▸ BRIEF
Omit every image, and transcribe the remaining entries exactly as given.

▸ SOURCE RECORDS
+++++
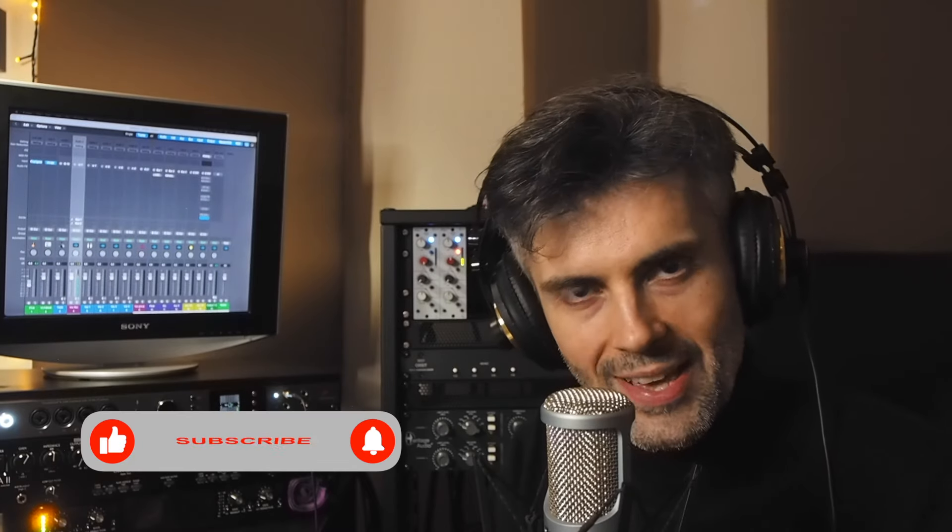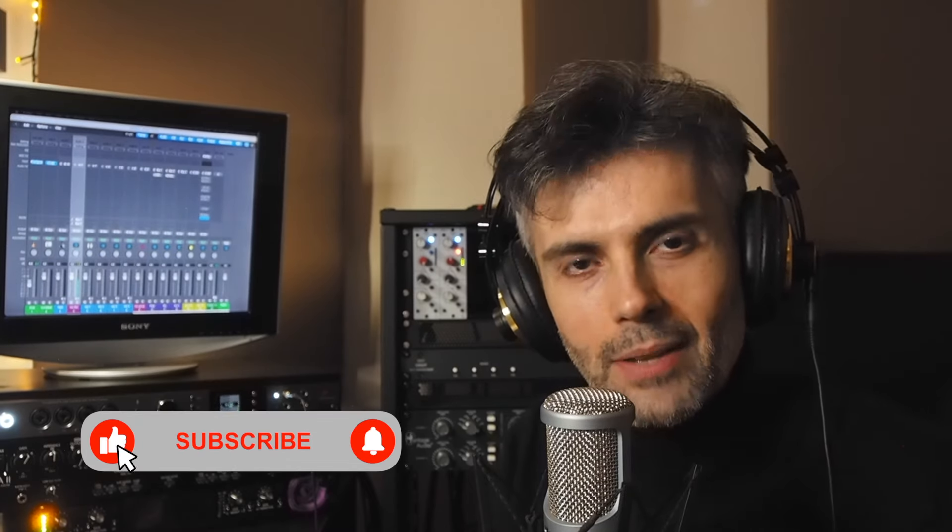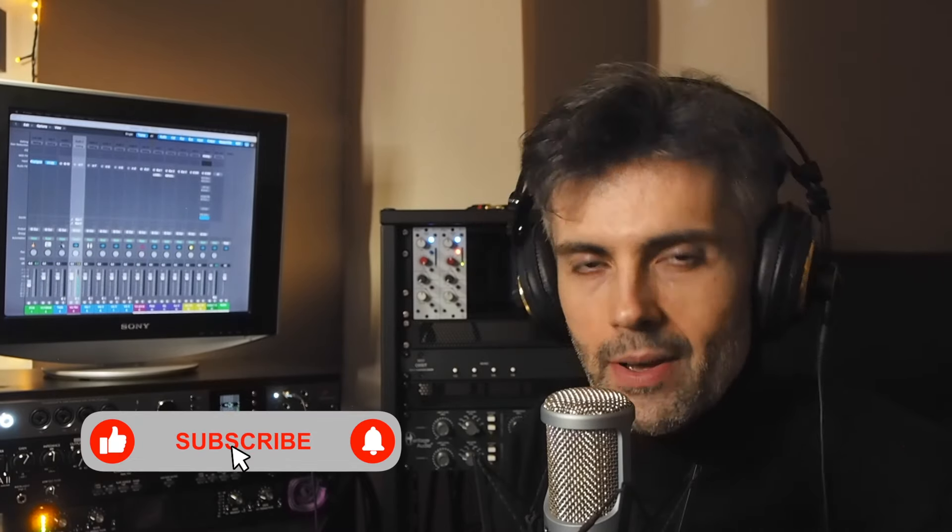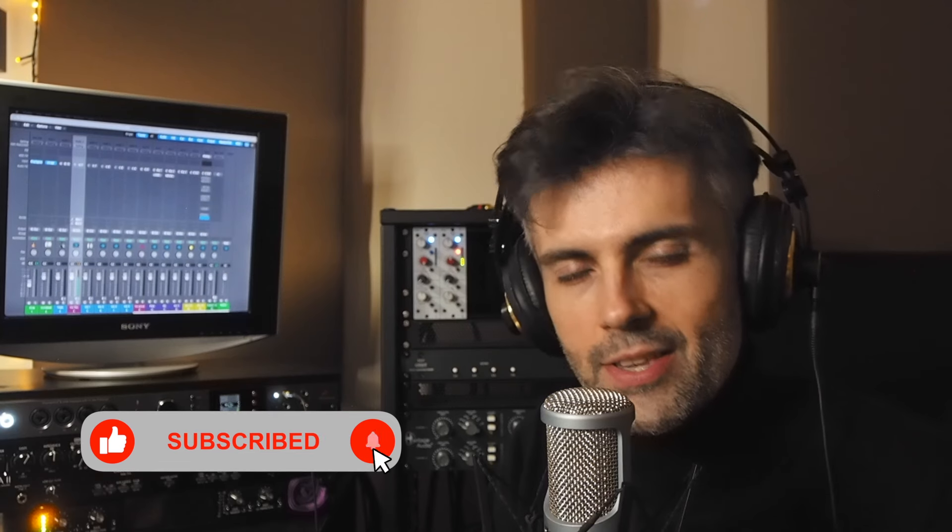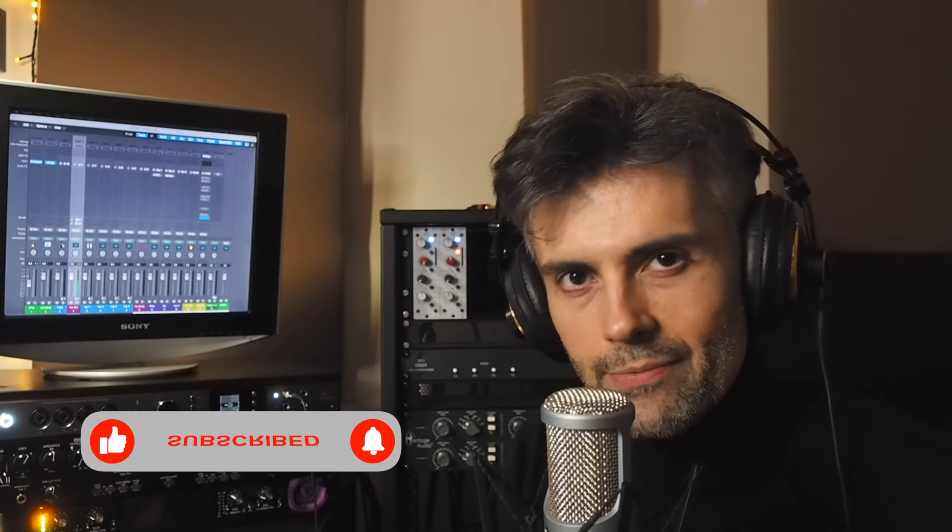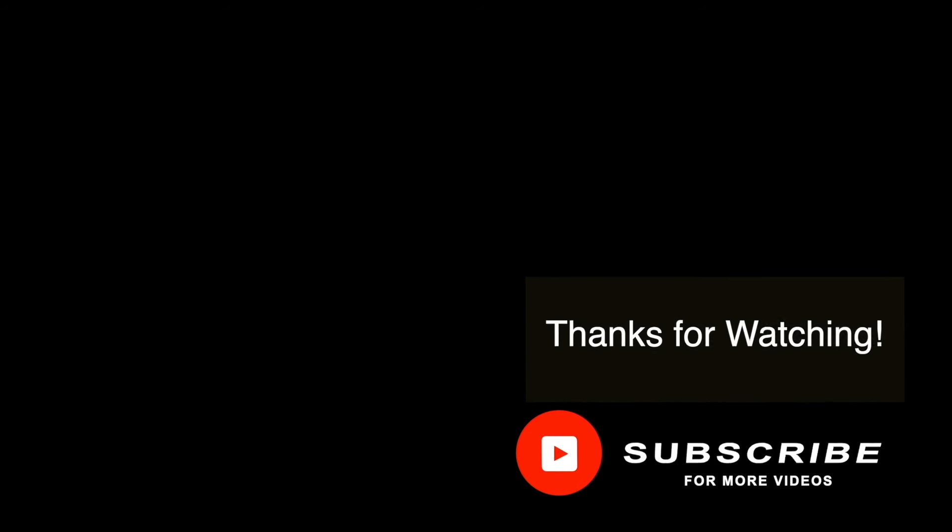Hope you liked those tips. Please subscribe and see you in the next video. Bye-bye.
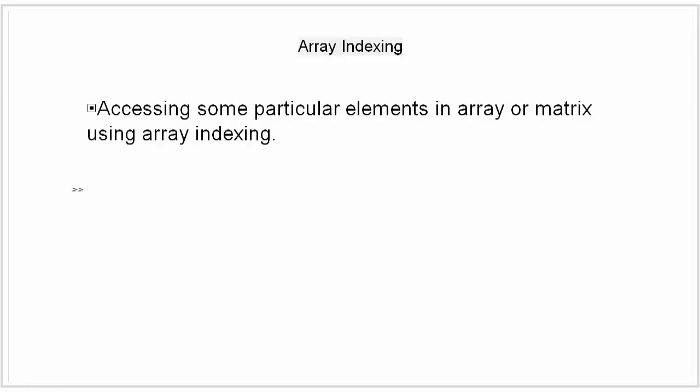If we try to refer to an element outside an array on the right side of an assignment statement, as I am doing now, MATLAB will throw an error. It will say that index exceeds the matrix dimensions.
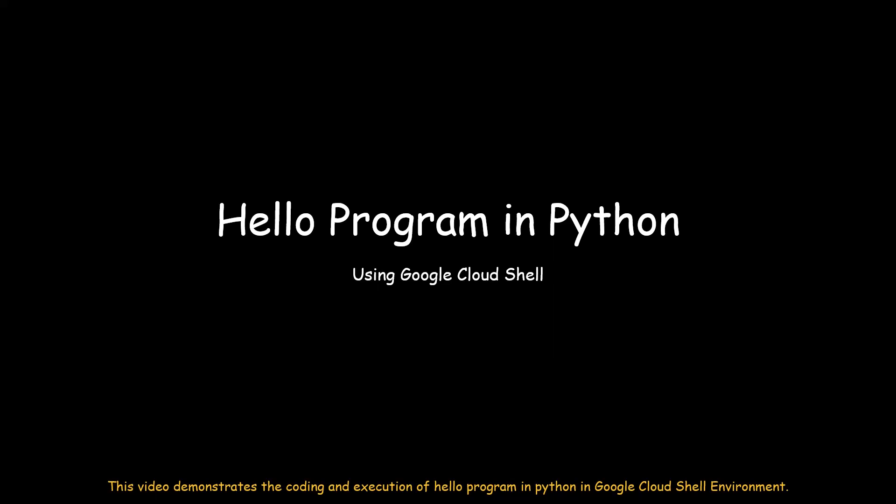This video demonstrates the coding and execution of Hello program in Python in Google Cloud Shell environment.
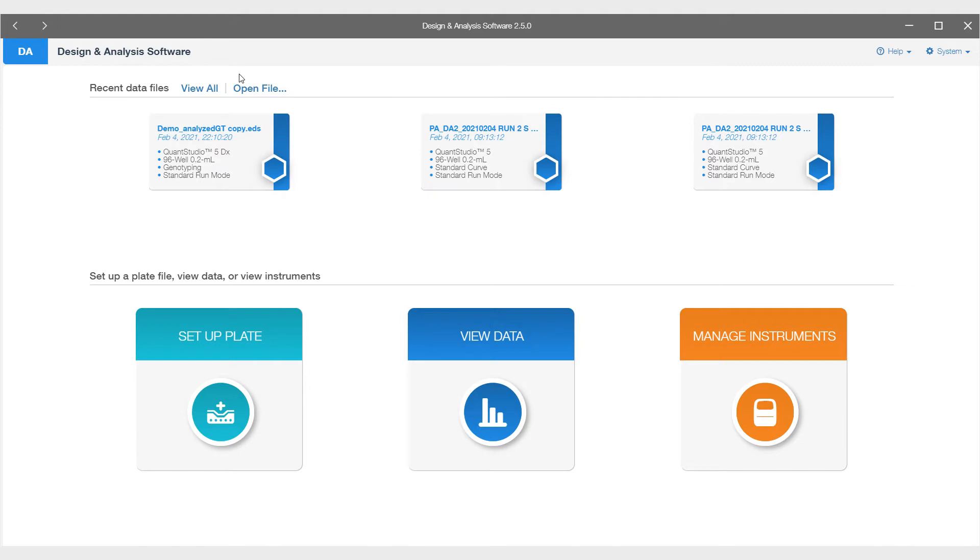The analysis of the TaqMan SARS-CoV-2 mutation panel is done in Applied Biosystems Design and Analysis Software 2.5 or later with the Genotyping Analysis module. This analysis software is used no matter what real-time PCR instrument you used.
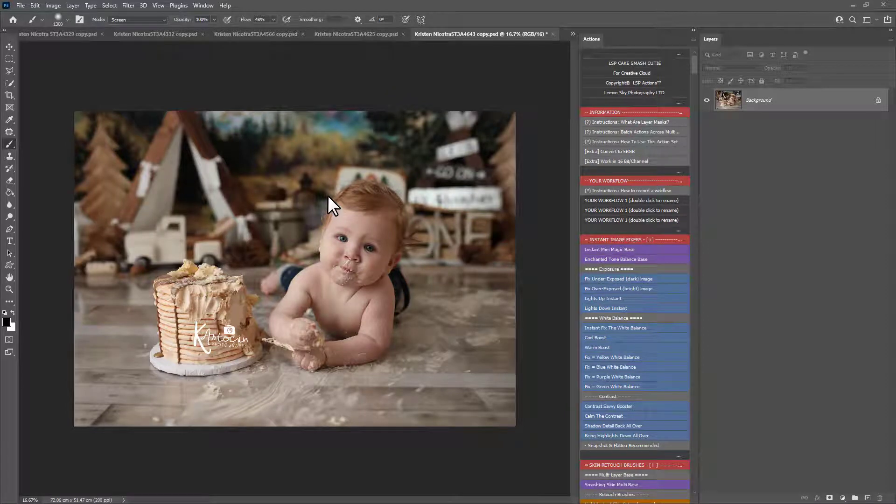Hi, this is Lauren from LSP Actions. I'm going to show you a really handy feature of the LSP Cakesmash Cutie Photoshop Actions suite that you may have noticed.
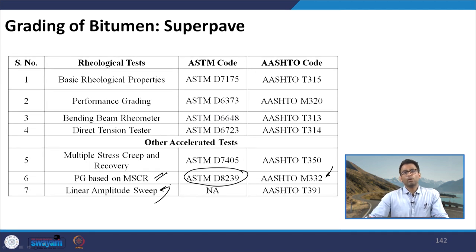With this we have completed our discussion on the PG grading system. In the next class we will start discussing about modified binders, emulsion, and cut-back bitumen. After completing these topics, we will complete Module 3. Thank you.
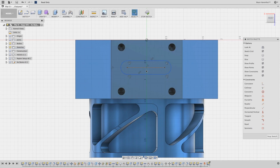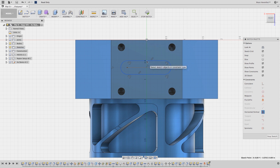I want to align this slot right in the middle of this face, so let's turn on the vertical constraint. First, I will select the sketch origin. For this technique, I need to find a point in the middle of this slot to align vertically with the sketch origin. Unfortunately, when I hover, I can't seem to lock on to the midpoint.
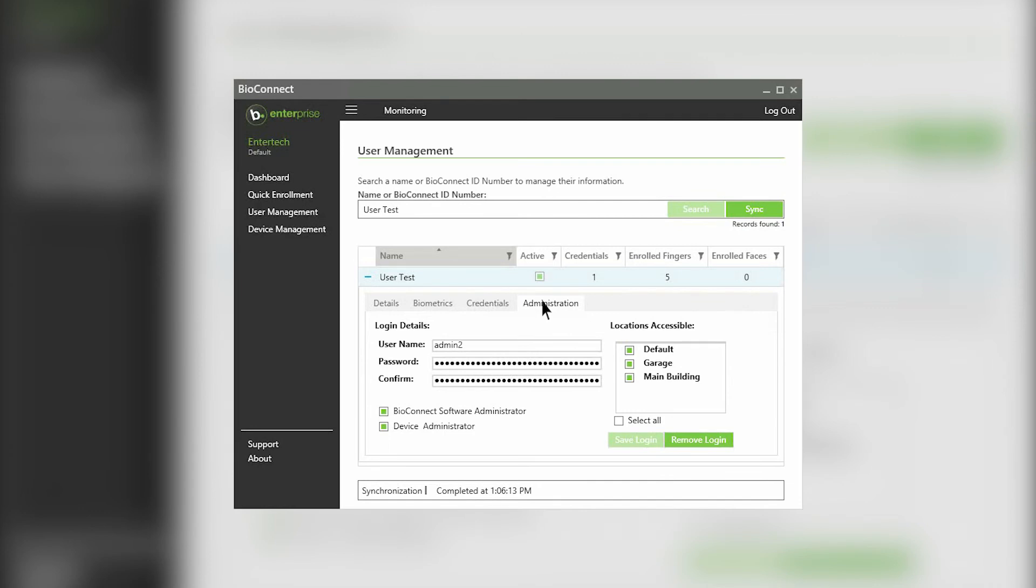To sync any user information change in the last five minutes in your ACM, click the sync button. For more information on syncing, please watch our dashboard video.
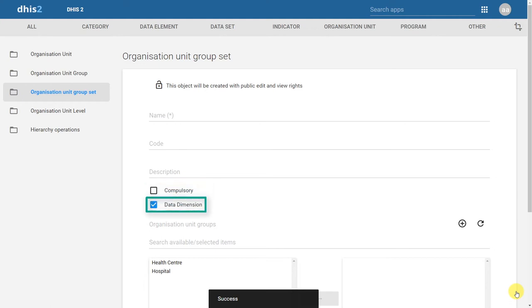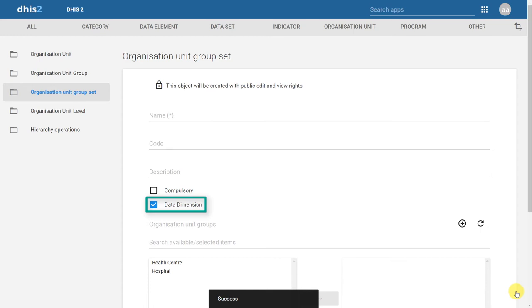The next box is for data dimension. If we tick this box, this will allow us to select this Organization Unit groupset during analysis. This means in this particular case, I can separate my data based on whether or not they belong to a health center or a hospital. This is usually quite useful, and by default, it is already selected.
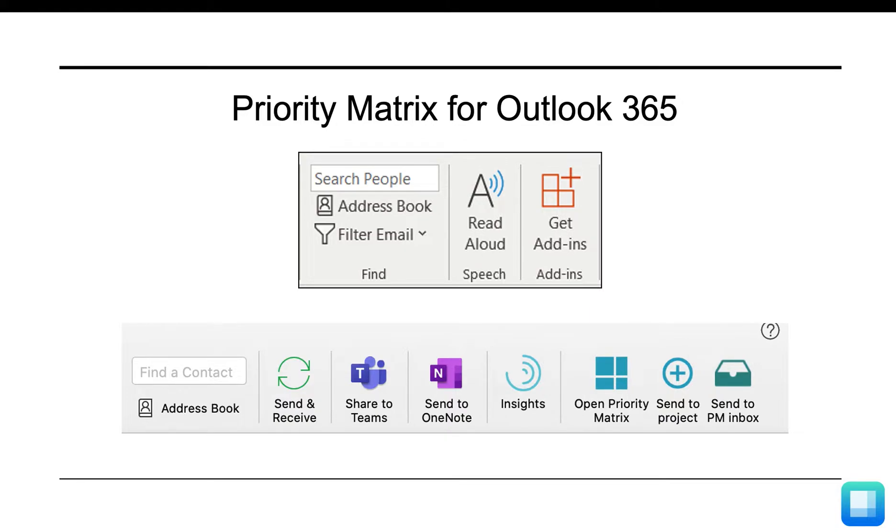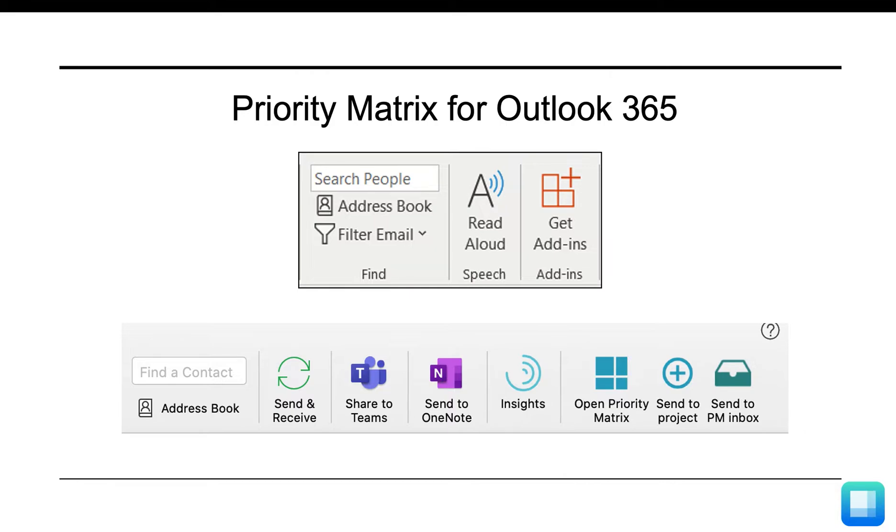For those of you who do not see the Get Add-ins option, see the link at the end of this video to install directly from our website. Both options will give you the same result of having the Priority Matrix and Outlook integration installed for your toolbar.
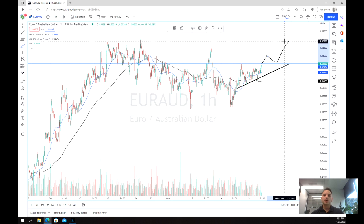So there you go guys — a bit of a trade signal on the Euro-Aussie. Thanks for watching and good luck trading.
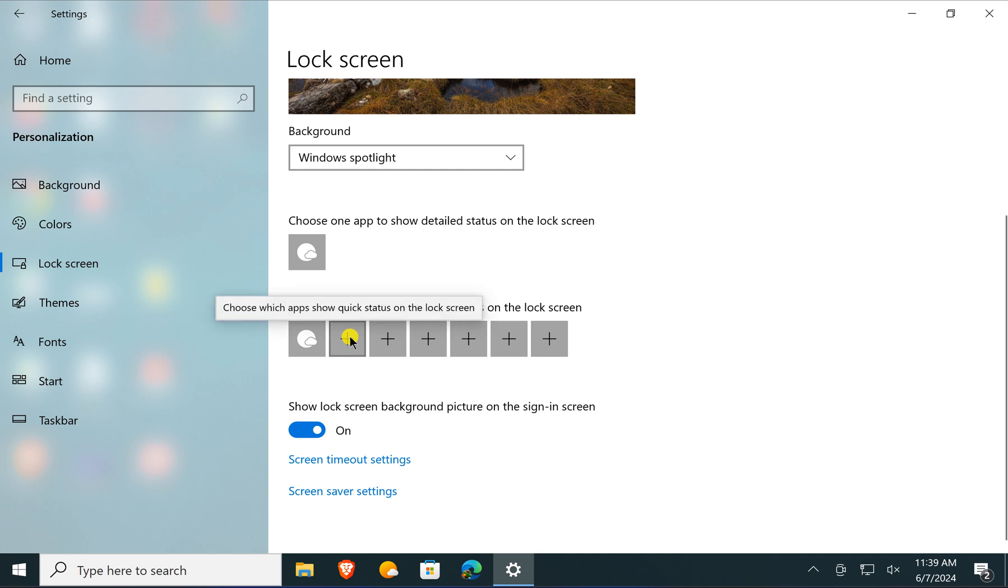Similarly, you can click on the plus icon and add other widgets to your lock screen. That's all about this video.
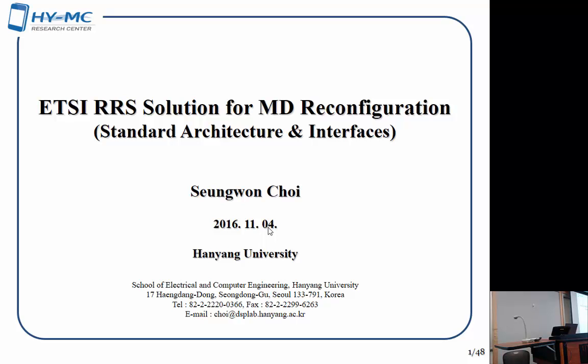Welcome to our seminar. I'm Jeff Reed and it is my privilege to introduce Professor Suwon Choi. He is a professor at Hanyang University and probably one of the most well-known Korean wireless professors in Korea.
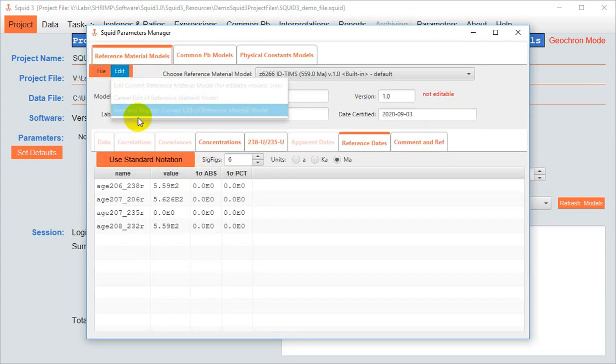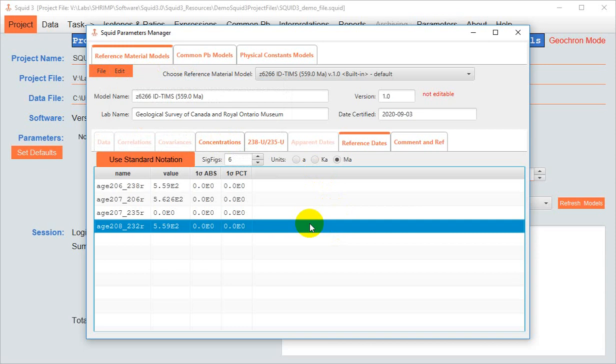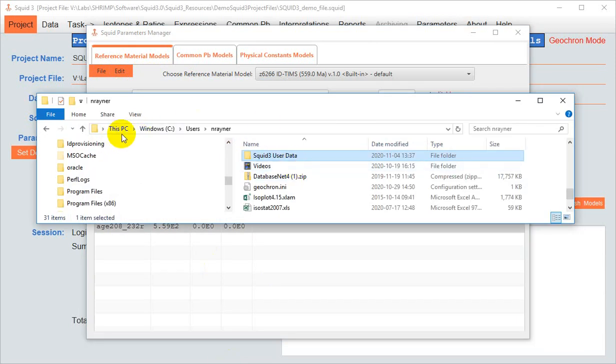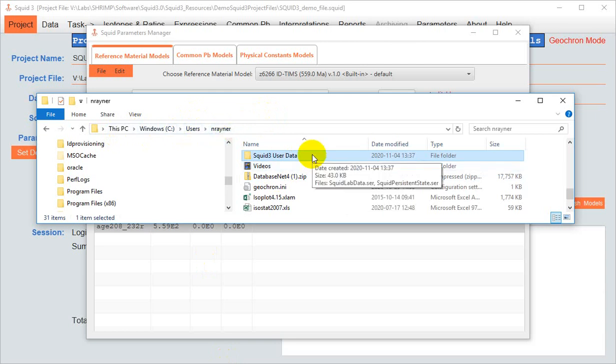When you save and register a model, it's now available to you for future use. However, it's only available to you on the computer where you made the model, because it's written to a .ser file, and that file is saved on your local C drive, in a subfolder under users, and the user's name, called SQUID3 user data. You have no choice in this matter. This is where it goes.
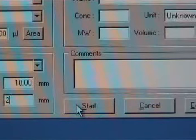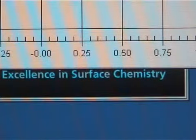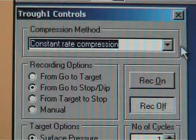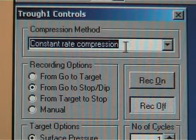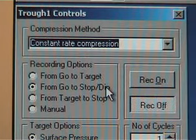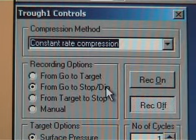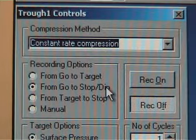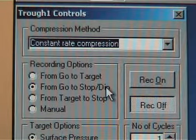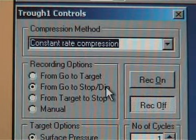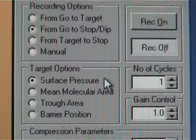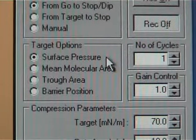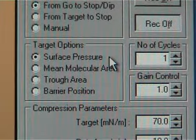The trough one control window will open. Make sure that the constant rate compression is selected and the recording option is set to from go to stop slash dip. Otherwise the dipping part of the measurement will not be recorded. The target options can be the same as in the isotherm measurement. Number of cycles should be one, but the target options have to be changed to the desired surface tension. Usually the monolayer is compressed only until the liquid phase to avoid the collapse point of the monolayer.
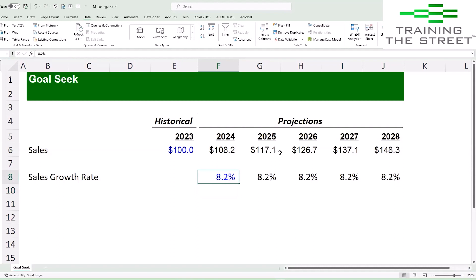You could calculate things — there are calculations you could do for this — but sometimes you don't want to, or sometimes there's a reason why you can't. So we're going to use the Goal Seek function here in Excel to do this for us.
+++++
▸ ANSWER BOX
Hope you liked those tips. Please subscribe and see you in the next video. Bye-bye.
If we try to refer to an element outside an array on the right side of an assignment statement, as I am doing now, MATLAB will throw an error. It will say that index exceeds the matrix dimensions.
This video demonstrates the coding and execution of Hello program in Python in Google Cloud Shell environment.
The analysis of the TaqMan SARS-CoV-2 mutation panel is done in Applied Biosystems Design and Analysis Software 2.5 or later with the Genotyping Analysis module. This analysis software is used no matter what real-time PCR instrument you used.
Hi, this is Lauren from LSP Actions. I'm going to show you a really handy feature of the LSP Cakesmash Cutie Photoshop Actions suite that you may have noticed.
With this we have completed our discussion on the PG grading system. In the next class we will start discussing about modified binders, emulsion, and cut-back bitumen. After completing these topics, we will complete Module 3. Thank you.
I want to align this slot right in the middle of this face, so let's turn on the vertical constraint. First, I will select the sketch origin. For this technique, I need to find a point in the middle of this slot to align vertically with the sketch origin. Unfortunately, when I hover, I can't seem to lock on to the midpoint.
To sync any user information change in the last five minutes in your ACM, click the sync button. For more information on syncing, please watch our dashboard video.
The next box is for data dimension. If we tick this box, this will allow us to select this Organization Unit groupset during analysis. This means in this particular case, I can separate my data based on whether or not they belong to a health center or a hospital. This is usually quite useful, and by default, it is already selected.
For those of you who do not see the Get Add-ins option, see the link at the end of this video to install directly from our website. Both options will give you the same result of having the Priority Matrix and Outlook integration installed for your toolbar.
So there you go guys — a bit of a trade signal on the Euro-Aussie. Thanks for watching and good luck trading.
Similarly, you can click on the plus icon and add other widgets to your lock screen. That's all about this video.
Welcome to our seminar. I'm Jeff Reed and it is my privilege to introduce Professor Suwon Choi. He is a professor at Hanyang University and probably one of the most well-known Korean wireless professors in Korea.
When you save and register a model, it's now available to you for future use. However, it's only available to you on the computer where you made the model, because it's written to a .ser file, and that file is saved on your local C drive, in a subfolder under users, and the user's name, called SQUID3 user data. You have no choice in this matter. This is where it goes.
The trough one control window will open. Make sure that the constant rate compression is selected and the recording option is set to from go to stop slash dip. Otherwise the dipping part of the measurement will not be recorded. The target options can be the same as in the isotherm measurement. Number of cycles should be one, but the target options have to be changed to the desired surface tension. Usually the monolayer is compressed only until the liquid phase to avoid the collapse point of the monolayer.
You could calculate things — there are calculations you could do for this — but sometimes you don't want to, or sometimes there's a reason why you can't. So we're going to use the Goal Seek function here in Excel to do this for us.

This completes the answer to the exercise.